- WHAT NEEDS TO BE DONE -
Starting at the line that contains "Thick Boys Lifting Club Yeti Men's T-Shirt", reproduce every line through the end of the entries below, with no pictures in the copy.

[[ MATERIAL TO PROCESS open ]]

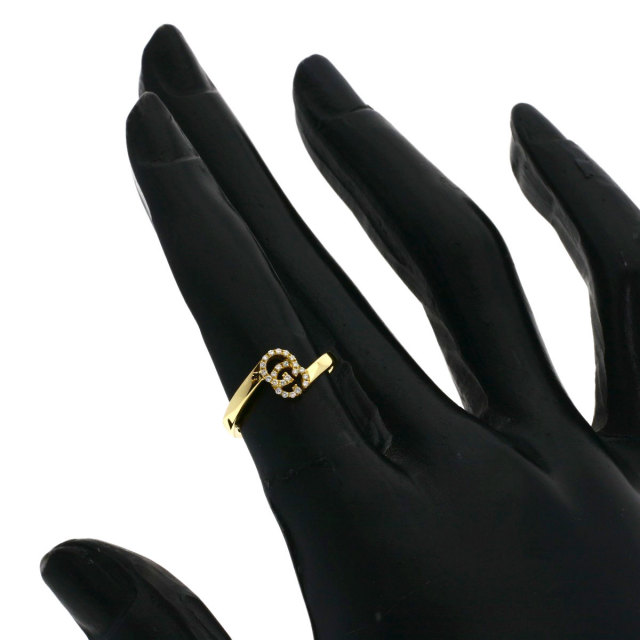 GUCCI グッチ GG ランニング ダイヤモンド #7 リング・指輪 K18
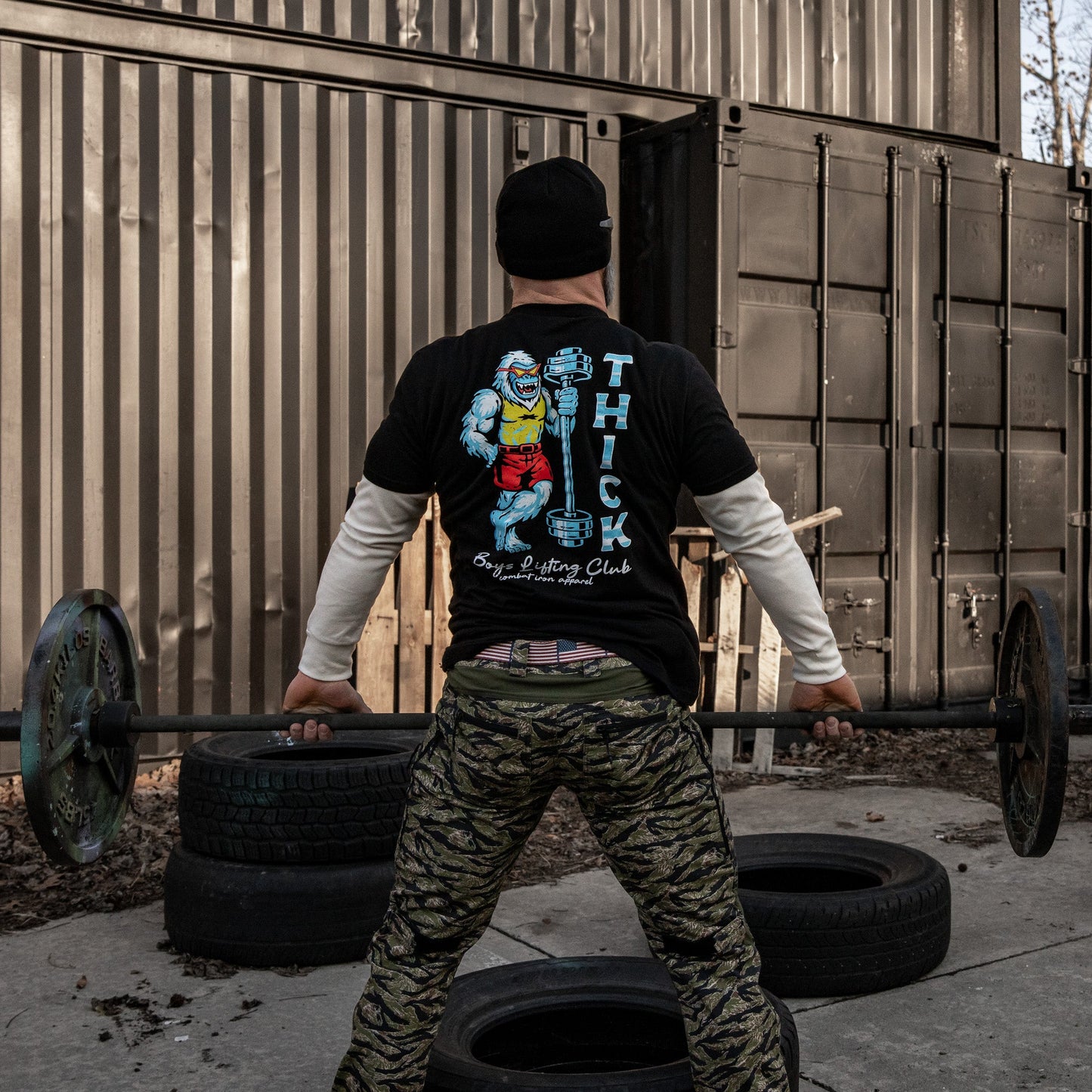 Thick Boys Lifting Club Yeti Men's T-Shirt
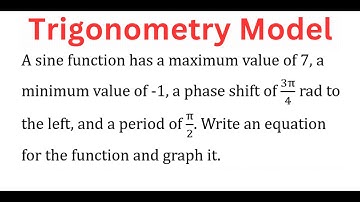 Writing EQUATION Of Transformed SINE Function & Graphing It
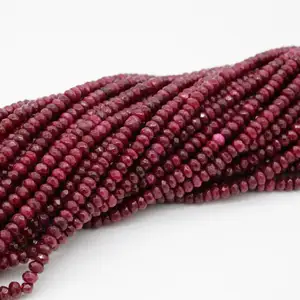 wholesale dyed stone ruby faced gemstone stone beads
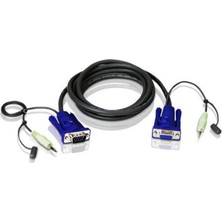 Maxdora Aten 2L-2402A Vga-Audio Cable (1,8 Metre)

[[ MATERIAL TO PROCESS closed ]]

- FINISHED TASK -
 Thick Boys Lifting Club Yeti Men's T-Shirt
 Writing EQUATION Of Transformed SINE Function & Graphing It
 wholesale dyed stone ruby faced gemstone stone beads
 Maxdora Aten 2L-2402A Vga-Audio Cable (1,8 Metre)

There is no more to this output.